What the Bank is doing to prepare users for these changes
- In 2014, the Bank conducted a broad public survey to gain a fuller understanding of the impact of these changes.
- The Bank delayed implementation of the changes for one year and communicated the changes well in advance to give users ample time to adjust, including seeking out alternative sources for rates.
- The Bank has consulted with several federal government organizations on the changes and has notified the relevant provincial authorities and industry association groups.
- The Bank is providing a two-month window, from 1 March to 28 April 2017, during which both new and existing FX rate data will be published concurrently.
- As of 1 May 2017, the Bank will continue to publish exchange rates for 26 currencies, as a public good, for statistical, analytical and informational purposes.
Why is the Bank reducing the number of currencies for which it provides exchange rates?
- Findings from the Bank’s 2014 survey, together with its own data, suggest that many currencies are infrequently accessed.
- The Bank has decided to limit its published rates to those that represent the majority of FX activity against the Canadian dollar and are readily tradable.
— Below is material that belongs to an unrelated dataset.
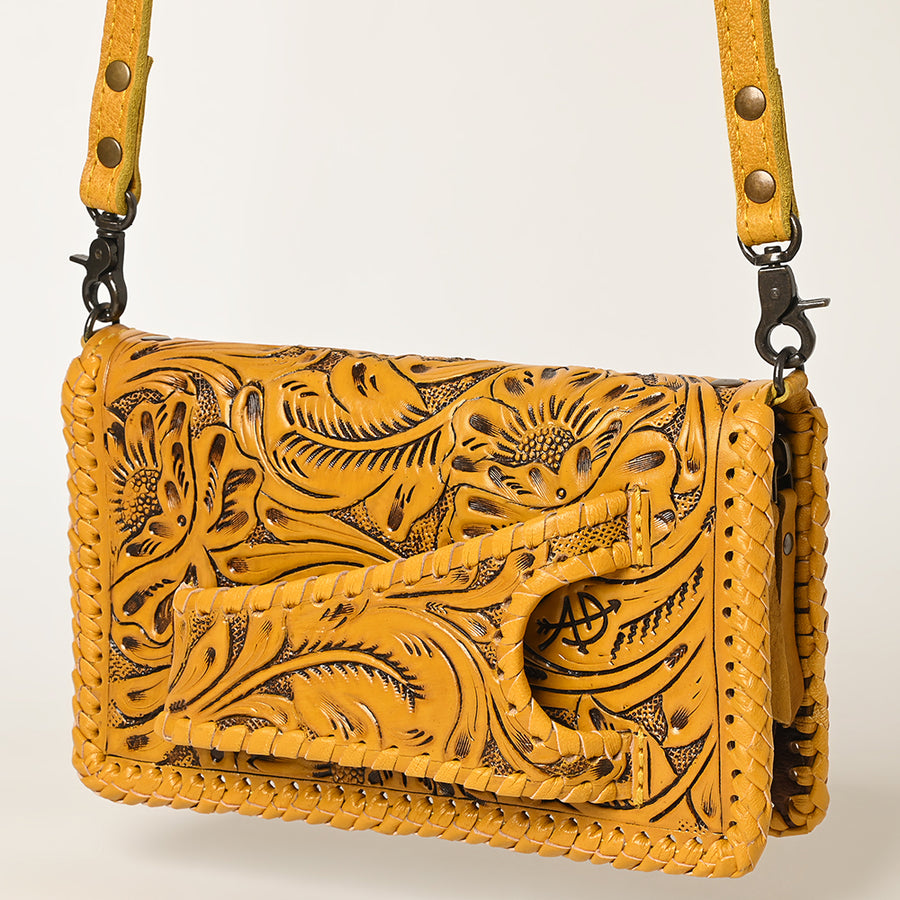 American Darling Western Hand-Tooled Leather Clutch Bag with Floral Carving - Uhorse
- This is consistent with practices at other major central banks.
Why the Bank is going to publish only one rate per day, and why the Bank is changing its calculation methodology
- The Bank is changing its calculation methodology to reflect the average observable rate throughout the Canadian business day, rather than at a single point in time.
- This reinforces the distinction between exchange rate fixings used as benchmarks for transactional purposes and Bank of Canada exchange rates that are provided as a public good, for statistical, analytical and informational purposes only.
- The changes have been undertaken in the context of broader international official sector work on the design of FX reference rates, including recommendations from the Financial Stability Board on FX benchmarks and the Principles for Financial Benchmarks published by the International Organization of Securities Commissions.
Where else to get exchange rates
- Unlike when the Bank began publishing its exchange rates many decades ago, rates are now readily available from numerous alternative sources (multiple trading platforms, Internet sources and other data vendors).
The Bank will discontinue publishing noon and closing rates as well as high and low FX rates
- While the Bank will continue publishing monthly and annual averages, it will discontinue publishing noon and closing as well as high and low exchange rates.
The Bank will keep all past data
- The Bank will maintain all past exchange rate data exactly as they are and will not restate or recalculate historical rate data. Data calculated under the old methodology will be archived on the Bank’s website.
The Bank will adjust its exchange rate lookup tools
- The Bank will maintain its various exchange rate lookup tools but will make necessary adjustments to reflect these changes while ensuring the integrity of all historical data. For more information, refer to the calculation methodology.
Some facts on the number of people who access the Bank’s exchange rate data
- The Bank’s exchange rate pages receive more than one million unique visitors a month, representing 80 per cent of all www.bankofcanada.ca page views.